A Verona succedono cose strane. In tutti i sensi. Un caso recentissimo: dopo aver cacciato dalla presidenza di Agsm Michele Croce, il fondatore di Verona Pulita, il sindaco Sboarina ha nominato al suo posto – dopo lunga ma evidentemente ben meditata riflessione – non il solito scagnozzo della politica, ma un manager di grande esperienza, potremmo dire senza tema di smentite una persona «dalla schiena dritta». Capace di lasciare una bella e ricca poltrona ai vertici di Glaxo perché in disaccordo su alcune decisioni dei capi americani, in particolare quella di vendere lo stabilimento veronese. Una nomina inconsueta, sorprendente, per quanti come noi sono abituati a vedere quale sia il cesto di fichi all’interno del quale il Sindaco di Verona sceglie i vertici delle società partecipate.

Un’eccezione? Uno sbaglio? Una furbata? In ogni caso – per il momento – complimenti a quanti (non solo il sindaco, pare) hanno voluto e convinto Daniele Finocchiaro ad accettare la presidenza di Agsm, la maggiore azienda pubblica veronese, che sta vivendo un momento di decisioni cruciali per il suo futuro. Anche se i problemi rimangono, anzi cominciano. Agsm è al bivio di due strade, una che riguarda l’azienda al suo interno, l’altra non meno importante, esterna, relativa alle fusioni/alleanze ormai non più rinviabili. Sul piano interno Agsm da tempo doveva essere ristrutturata, con forti investimenti e qualche taglio del personale e in un paese serio questa operazione avrebbe dovuto precedere ogni eventuale matrimonio o fidanzamento con aziende analoghe.

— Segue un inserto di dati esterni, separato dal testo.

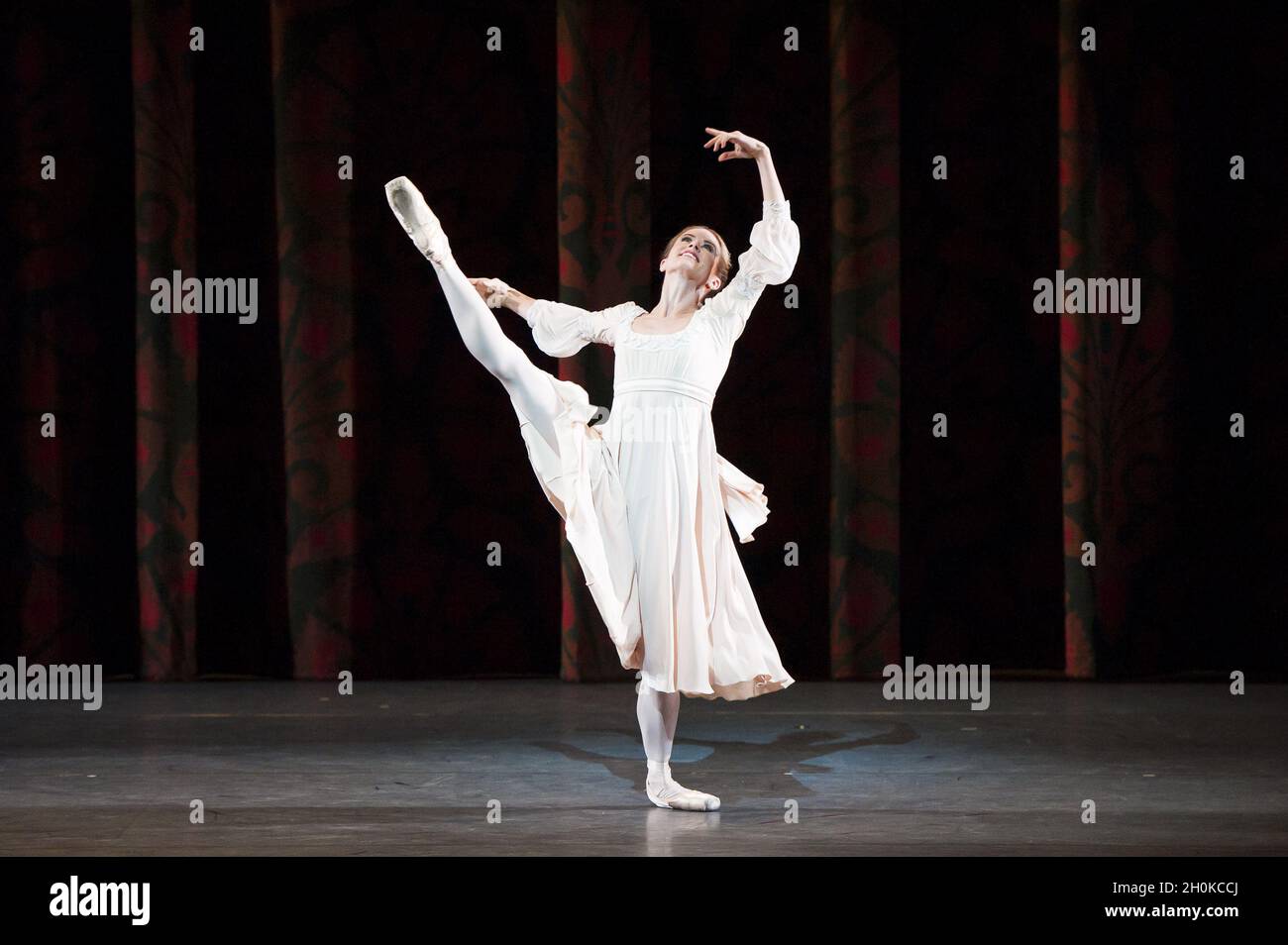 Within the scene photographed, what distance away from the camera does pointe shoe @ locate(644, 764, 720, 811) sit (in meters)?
2.88

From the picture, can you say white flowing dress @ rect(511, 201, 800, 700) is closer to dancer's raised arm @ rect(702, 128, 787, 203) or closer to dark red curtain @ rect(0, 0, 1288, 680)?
dancer's raised arm @ rect(702, 128, 787, 203)

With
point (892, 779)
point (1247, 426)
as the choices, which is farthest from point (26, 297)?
point (1247, 426)

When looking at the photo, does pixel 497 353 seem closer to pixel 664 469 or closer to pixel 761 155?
pixel 664 469

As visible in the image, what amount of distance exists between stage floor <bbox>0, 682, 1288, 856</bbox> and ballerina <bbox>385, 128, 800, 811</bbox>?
0.91ft

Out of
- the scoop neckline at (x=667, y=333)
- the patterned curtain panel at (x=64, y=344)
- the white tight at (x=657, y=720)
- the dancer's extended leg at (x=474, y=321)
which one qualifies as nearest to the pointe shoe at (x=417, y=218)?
the dancer's extended leg at (x=474, y=321)

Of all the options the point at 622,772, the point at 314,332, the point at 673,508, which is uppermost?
the point at 314,332

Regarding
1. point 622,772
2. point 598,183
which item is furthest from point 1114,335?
point 622,772

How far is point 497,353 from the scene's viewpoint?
306 centimetres

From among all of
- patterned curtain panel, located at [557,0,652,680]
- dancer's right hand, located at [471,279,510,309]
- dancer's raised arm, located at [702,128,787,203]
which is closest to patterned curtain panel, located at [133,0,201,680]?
patterned curtain panel, located at [557,0,652,680]

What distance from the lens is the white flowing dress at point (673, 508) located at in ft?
9.86

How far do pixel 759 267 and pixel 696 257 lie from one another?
0.50 feet

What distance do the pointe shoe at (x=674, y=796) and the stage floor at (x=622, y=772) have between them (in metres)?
0.02

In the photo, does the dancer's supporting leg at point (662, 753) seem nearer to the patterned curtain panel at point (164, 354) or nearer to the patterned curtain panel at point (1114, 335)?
the patterned curtain panel at point (1114, 335)

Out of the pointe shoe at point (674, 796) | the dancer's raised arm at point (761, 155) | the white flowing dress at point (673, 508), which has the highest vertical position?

Da tempo il Comune avrebbe dovuto deciso di scendere con le sue quote in Agsm, per lasciare spazio a privati dinamici, dotati di maggiori capitali e buone strategie che, appunto, potessero sostenere un’azione del genere. Questo non è stato fatto per il semplice motivo che allo stato attuale – date le ristrettezze delle casse comunali – Agsm già con Tosi e ora anche con Sboarina è il salvadanaio del Comune, che quando è a corto di liquidi bussa alle porte. Poi c’è il problema che Agsm è troppo piccola per continuare a essere competitiva ed efficiente da sola, ha bisogno di partner, meglio se trattasi di gente che non venga per portarsi a casa propria tutto il bottino. Matrimoni alla pari, no patti leonini, in cui in ogni caso ci sia un torturato e un torturatore. Non dobbiamo colonizzare nessuno (Vicenza), né tantomeno vorremmo essere colonizzati a nostra volta da alcuno (Milano).

Nel mezzo di queste due ambasce, che abbiamo qui brutalmente sintetizzato, si pone l’arduo compito che attende il nuovo presidente. E quello che tutti ci aspetteremo è che Finocchiaro potesse fare il Finocchiaro, senza la preoccupazione che il sindaco o qualche suo assessore troppo attento alla politica e poco attento invece all’economia si intromettesse, come è stato finora con Croce e con gli Alti Consulenti che sulle partecipate il sindaco aveva chiamato a sé, senza peraltro mai ascoltarli. Il timore è che non vorremmo si ripetesse il modello Gasdia in Arena: chiamo un personaggio di fama mondiale poi non le faccio fare niente, anzi la metto al guinzaglio di qualche fidato del sindaco di dubbie capacità e scarsissima esperienza.

Al contrario, nel caso di Agsm abbiamo buone ragioni per sperare che le cose andranno diversamente. Ciò che ci fa essere più ottimisti, o meno pessimisti, è che la pasta dell’uomo messo a capo della maggiore multiutility veronese è diversa, altrettanto la sua storia professionale e le sue capacità. Ma soprattutto ci fa ben sperare il fatto che quanti hanno caldeggiato la nomina di Finocchiaro (Bauli e Confindustria) non vorranno fargli fare da esecutore delle disastrose decisioni cui consuetudinariamente la politica cede, pena fare essi stessi la figura dei venditori di tappeti con l’ex General Manager di GSK Pharmaceuticals Italia, che a quel punto finirebbe certamente per salutare tutti.